When I was growing up we had cameras full of film, with a real-time display only. You took the picture and hoped for the best. This is why many of the photographs of me as a child are weird, blurry, poorly lit, with no Instagram filters applied at all. Truly the dark ages of photography. Now we have digital everything. I can see the picture as soon as I have taken it, and if it is not to my liking I take another one. “Nobody move! One more! Okay, somebody blinked, just one more! I promise; this is the last one!” And at the end of day, my iBottle is full of time. So many moments stored forever. Or, rather, until my wife deletes them.

You see, my wife is very smart. She is able to evaluate, discern, and make important decisions. She can look at twelve pictures of the same thing, choose the best one, and delete the rest. I have never been able to delete. My office is full of school papers from when I was in fifth grade. My closet is full of clothes that no longer fit or are so out of date as to be laughable. Why are they still there? Why are they not recycled, regifted, reduced, or just plain refuse? For the same reason, I suppose, that my pictures folder on the computer is full of nineteen of the same shot.

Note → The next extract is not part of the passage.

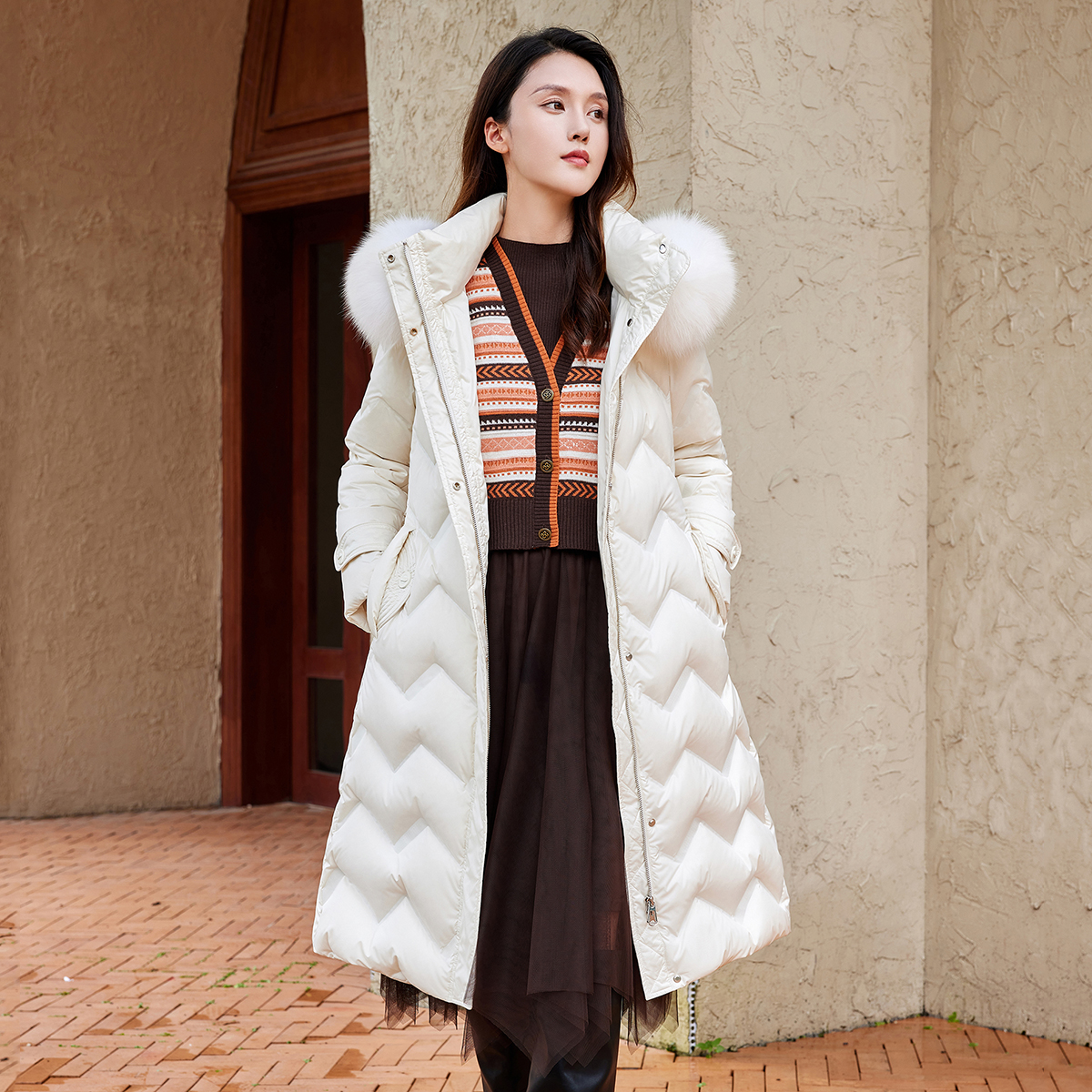 茜舞长款羽绒服2024时尚大毛领收腰气质羽绒服【53W115】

Every photo is different. Each one a separate second in time, its own instant, and to simply hit delete would be to erase that moment from history. Which is stupid and false and general unhealthy, but there it is. In this one my daughter looks good, but my son is making a weird face. In that one the opposite is true. Here they are both smiling, but the sun went behind a cloud and the lighting is off. Every picture is flawed, and yet every moment is flawless. Surely I cannot be trusted with such power as to cull and curate the history of existence? It is too much. And so I save them all, to point where they are unmanageable, unusable, and a general disastrous waste of space. It’s not good. I know this. I wish I could delete. I have tried. I have sat at the keyboard, finger hovering over DEL, trying to push the button. I have succeeded a few times, but generally the photos stay where they are, happy in their folder existence, waiting for a memory upgrade.

If I could store time in a bottle, the first thing that I’d like to do is to save every day ’till eternity passes. Because what else could anyone do?

Posted in Memory, Photo, Time.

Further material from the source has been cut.